Each line from the opening of the records that follow to the line with "Dockers Shorts Chino" needs to be written out exactly. Add nothing.

(Web page caption snippets)
□ □ □ □ □
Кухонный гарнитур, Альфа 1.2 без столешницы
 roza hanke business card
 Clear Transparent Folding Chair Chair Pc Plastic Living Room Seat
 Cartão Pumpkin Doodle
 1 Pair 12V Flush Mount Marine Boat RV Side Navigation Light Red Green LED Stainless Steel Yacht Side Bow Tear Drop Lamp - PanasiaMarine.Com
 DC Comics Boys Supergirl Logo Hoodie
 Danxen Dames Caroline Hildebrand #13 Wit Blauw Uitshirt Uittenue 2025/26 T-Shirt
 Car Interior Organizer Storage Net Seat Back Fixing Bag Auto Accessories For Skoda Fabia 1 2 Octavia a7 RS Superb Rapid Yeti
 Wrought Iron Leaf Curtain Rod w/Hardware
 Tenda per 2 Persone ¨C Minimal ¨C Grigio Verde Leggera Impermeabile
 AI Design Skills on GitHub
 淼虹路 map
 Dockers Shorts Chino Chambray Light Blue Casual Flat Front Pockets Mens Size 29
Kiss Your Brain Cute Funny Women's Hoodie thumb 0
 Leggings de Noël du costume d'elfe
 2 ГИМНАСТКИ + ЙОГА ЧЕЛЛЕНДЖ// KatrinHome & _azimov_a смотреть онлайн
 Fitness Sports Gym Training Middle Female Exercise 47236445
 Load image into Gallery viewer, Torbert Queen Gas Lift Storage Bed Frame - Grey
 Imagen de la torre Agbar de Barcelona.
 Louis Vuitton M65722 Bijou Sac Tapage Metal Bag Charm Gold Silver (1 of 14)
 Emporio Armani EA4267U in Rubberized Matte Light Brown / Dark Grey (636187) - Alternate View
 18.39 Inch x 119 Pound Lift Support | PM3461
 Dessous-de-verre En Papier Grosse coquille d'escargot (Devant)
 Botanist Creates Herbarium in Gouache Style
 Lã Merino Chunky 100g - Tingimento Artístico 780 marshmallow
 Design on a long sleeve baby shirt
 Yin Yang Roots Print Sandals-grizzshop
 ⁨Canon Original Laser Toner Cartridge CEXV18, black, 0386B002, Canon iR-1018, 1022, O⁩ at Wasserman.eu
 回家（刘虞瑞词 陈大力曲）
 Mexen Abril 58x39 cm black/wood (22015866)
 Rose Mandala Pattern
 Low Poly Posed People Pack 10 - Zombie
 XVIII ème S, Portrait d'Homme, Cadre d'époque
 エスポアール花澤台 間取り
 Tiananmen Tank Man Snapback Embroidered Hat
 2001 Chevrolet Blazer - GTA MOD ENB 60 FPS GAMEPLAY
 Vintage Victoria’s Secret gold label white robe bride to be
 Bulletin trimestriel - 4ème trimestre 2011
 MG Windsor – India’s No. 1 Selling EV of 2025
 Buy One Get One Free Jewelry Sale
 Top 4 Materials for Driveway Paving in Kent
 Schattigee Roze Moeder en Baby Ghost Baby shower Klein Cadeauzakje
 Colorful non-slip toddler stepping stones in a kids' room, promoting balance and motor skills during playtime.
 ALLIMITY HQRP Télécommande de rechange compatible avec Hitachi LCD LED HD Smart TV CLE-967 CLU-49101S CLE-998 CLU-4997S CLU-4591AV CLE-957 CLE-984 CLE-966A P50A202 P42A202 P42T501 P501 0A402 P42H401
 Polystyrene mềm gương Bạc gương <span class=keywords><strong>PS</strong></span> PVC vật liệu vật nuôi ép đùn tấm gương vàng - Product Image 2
□ □ □ □ □
→ **Answer**:
Кухонный гарнитур, Альфа 1.2 без столешницы
 roza hanke business card
 Clear Transparent Folding Chair Chair Pc Plastic Living Room Seat
 Cartão Pumpkin Doodle
 1 Pair 12V Flush Mount Marine Boat RV Side Navigation Light Red Green LED Stainless Steel Yacht Side Bow Tear Drop Lamp - PanasiaMarine.Com
 DC Comics Boys Supergirl Logo Hoodie
 Danxen Dames Caroline Hildebrand #13 Wit Blauw Uitshirt Uittenue 2025/26 T-Shirt
 Car Interior Organizer Storage Net Seat Back Fixing Bag Auto Accessories For Skoda Fabia 1 2 Octavia a7 RS Superb Rapid Yeti
 Wrought Iron Leaf Curtain Rod w/Hardware
 Tenda per 2 Persone ¨C Minimal ¨C Grigio Verde Leggera Impermeabile
 AI Design Skills on GitHub
 淼虹路 map
 Dockers Shorts Chino Chambray Light Blue Casual Flat Front Pockets Mens Size 29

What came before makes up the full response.